[HOW TO COMPLETE THIS TASK] Every line of the listing must be reproduced as it stands. Leave the images behind.

[GIVEN INFORMATION]
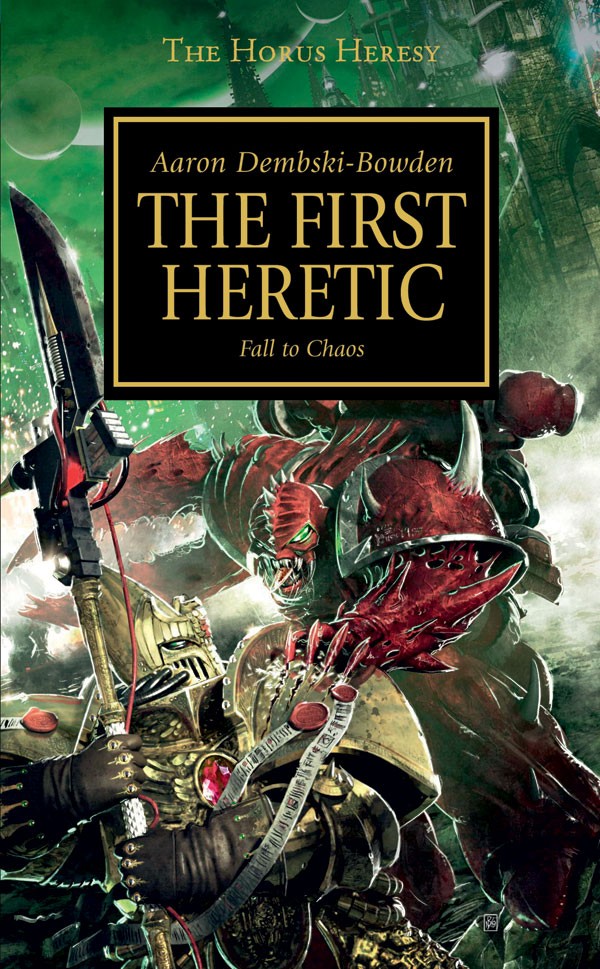 I finished reading The First Heretic recently.
Lorgar and his son Argel Tal are both highly sympathetic characters that despise the path they are willingly taking and spend most of their time moping and feeling regret at their actions. The author writes a compelling tragedy.
5/5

[OUTPUT OF THE TASK]
 I finished reading The First Heretic recently.
Lorgar and his son Argel Tal are both highly sympathetic characters that despise the path they are willingly taking and spend most of their time moping and feeling regret at their actions. The author writes a compelling tragedy.
5/5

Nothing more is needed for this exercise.